Just some interesting things to note here, even in this rough draft state, we have a proposed robot sending emails to users. That's been around a lot longer than one might hope.
Anyway, there are a few little details that I want to tease out of that description. Firstly, mail was planned as a way for users to
get messages, quote, at the receiver's convenience. As in, a way for users to be sent messages without
being logged into the system. That's not new on CTSS. Users were already doing
that with common files. The other interesting point is that the memo explicitly says that these
are private messages. That's the part the common files were missing, and a sorely needed feature
for a practical messaging system. But work on mail wouldn't start immediately. In the spring of 1965, Tom Van Vleck and Noel Morris had just joined the CTSS project.
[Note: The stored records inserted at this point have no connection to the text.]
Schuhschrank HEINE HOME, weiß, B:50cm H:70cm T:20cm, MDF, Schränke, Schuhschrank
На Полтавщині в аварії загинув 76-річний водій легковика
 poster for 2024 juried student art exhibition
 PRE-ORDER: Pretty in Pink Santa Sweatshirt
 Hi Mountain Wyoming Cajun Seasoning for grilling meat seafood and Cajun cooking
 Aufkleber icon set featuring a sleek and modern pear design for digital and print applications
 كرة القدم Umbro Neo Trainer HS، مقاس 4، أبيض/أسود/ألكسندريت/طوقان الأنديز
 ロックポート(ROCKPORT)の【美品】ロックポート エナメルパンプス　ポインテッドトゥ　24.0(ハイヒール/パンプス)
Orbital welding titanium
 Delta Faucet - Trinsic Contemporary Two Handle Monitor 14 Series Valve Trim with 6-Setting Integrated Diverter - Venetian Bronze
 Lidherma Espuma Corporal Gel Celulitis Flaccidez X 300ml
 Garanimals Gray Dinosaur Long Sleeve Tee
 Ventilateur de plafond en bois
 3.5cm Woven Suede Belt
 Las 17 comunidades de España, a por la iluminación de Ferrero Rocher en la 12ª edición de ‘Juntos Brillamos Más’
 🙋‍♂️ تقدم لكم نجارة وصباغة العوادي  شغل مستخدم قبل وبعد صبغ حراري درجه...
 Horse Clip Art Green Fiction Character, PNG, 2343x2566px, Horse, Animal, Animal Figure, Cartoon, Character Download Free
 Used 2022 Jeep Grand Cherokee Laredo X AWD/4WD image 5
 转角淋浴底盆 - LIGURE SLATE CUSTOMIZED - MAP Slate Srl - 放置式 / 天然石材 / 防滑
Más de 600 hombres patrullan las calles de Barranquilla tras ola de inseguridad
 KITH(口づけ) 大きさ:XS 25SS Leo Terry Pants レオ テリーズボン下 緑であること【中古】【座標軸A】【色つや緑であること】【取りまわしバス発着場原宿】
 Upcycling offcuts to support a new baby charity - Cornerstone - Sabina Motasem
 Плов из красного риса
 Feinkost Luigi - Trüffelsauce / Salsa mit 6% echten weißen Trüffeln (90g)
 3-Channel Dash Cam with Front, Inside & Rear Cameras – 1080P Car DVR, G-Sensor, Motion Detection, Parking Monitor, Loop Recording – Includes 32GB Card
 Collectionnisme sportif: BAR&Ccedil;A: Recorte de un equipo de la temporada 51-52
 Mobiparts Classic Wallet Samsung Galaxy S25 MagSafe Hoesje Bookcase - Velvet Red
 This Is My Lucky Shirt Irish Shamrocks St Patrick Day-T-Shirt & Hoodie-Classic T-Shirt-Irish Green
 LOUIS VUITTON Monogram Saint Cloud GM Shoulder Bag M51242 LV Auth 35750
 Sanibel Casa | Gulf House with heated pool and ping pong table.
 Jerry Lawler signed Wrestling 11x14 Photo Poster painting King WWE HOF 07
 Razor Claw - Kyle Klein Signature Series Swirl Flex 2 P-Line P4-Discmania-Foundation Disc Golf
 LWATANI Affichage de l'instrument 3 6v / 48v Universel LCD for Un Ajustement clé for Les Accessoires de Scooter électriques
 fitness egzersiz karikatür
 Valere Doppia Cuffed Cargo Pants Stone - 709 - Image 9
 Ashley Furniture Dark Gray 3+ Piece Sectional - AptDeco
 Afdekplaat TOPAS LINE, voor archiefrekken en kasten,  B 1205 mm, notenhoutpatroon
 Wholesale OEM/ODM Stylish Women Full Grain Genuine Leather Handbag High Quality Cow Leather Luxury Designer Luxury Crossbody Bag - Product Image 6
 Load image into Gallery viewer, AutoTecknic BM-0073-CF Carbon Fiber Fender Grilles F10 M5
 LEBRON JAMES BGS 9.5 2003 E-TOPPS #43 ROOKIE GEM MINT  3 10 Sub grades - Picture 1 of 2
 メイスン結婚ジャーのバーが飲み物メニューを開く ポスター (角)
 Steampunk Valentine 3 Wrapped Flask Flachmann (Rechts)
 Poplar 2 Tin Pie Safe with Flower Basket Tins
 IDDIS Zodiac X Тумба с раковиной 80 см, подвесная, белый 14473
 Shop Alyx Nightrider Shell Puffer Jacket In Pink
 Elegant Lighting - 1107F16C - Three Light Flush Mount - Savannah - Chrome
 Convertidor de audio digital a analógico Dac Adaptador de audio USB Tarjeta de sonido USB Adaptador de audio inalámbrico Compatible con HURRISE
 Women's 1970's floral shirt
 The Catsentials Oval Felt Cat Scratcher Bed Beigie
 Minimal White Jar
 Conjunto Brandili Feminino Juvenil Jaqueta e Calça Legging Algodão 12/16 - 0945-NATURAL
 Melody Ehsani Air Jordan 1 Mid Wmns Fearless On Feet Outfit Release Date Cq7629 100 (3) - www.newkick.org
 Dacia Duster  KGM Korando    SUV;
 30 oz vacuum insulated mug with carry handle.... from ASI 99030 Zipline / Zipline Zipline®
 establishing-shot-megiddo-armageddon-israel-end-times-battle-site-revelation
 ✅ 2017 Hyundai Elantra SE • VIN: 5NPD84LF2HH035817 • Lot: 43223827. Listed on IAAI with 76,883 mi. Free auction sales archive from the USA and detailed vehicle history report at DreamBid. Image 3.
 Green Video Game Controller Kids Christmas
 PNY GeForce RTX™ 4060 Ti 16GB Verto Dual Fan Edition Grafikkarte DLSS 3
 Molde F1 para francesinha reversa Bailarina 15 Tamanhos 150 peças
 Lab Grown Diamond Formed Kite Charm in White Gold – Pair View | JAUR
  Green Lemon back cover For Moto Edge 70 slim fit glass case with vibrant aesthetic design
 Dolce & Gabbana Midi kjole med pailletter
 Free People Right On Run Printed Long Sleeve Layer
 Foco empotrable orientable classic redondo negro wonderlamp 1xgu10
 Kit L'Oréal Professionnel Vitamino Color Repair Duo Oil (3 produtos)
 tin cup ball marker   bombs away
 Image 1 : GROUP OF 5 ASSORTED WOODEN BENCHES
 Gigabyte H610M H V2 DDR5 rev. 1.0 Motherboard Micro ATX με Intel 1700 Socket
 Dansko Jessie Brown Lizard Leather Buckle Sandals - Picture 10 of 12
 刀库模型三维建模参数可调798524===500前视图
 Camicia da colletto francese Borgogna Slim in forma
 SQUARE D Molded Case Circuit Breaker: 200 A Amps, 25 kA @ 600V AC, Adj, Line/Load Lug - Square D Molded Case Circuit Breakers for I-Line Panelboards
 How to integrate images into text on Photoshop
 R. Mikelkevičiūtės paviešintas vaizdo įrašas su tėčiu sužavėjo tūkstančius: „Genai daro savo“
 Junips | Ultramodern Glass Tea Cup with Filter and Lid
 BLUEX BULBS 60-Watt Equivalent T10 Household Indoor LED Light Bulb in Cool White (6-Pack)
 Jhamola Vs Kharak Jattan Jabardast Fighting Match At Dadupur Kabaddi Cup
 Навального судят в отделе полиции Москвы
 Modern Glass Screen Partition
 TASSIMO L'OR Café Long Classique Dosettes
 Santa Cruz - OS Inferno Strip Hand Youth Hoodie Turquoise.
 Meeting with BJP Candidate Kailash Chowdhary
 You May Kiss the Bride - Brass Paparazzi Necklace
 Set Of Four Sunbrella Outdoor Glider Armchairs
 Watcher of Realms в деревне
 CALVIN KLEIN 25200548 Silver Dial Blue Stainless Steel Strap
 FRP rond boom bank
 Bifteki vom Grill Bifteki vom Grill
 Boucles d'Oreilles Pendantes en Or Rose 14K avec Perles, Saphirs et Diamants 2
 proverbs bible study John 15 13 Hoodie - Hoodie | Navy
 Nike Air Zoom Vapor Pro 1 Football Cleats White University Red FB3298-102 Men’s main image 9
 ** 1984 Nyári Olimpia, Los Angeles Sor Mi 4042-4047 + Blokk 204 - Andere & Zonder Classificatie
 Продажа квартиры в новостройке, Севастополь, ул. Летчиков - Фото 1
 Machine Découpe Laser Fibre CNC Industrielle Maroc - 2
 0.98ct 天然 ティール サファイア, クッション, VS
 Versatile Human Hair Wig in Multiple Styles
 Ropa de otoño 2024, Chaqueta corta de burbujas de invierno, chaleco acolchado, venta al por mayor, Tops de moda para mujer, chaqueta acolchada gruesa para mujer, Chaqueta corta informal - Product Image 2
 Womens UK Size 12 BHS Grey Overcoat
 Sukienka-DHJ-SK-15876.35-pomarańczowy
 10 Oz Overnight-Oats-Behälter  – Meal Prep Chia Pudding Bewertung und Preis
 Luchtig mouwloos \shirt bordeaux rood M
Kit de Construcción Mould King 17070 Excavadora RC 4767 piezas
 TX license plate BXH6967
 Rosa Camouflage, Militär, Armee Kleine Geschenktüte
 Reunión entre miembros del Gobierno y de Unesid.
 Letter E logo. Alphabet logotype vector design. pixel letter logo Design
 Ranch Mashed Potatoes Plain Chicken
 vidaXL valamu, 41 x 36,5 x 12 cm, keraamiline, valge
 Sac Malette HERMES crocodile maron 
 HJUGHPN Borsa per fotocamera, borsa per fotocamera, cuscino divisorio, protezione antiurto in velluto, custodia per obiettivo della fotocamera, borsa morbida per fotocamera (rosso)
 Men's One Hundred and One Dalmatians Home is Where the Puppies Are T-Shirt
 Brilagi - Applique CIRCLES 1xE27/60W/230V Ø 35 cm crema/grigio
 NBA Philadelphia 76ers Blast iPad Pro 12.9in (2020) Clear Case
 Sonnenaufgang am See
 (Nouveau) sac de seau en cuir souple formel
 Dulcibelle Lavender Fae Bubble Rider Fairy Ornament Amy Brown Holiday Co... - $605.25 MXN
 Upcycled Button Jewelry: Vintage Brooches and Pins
The two ran across the mail memo pretty soon after joining.
But they didn't find anything else about the command on the system.
Quoting Van Vleck,
When we read the PSN document about the proposed CTSS mail command, we asked,
Where is it? And we were told there very much available to write up some new code.
So by summer, the mail command was added to CTSS, and users were finally able to send secure private messages.
And as with a lot of technology, the devil really is in the
details. Even in 1965, we start to see the bones of what would become email. When you get down to
it, mail was really just a codification and improvement of the existing common file conventions.
But it does so in a bit of an interesting way. Earlier I mentioned that CTSS had another way to share files between users, the so-called
linked files.
It seems like that could have been one way to implement a message passing system.
But Morris and VanVleck didn't go that route.
The issue with using linked files is that they only work for one-way communication.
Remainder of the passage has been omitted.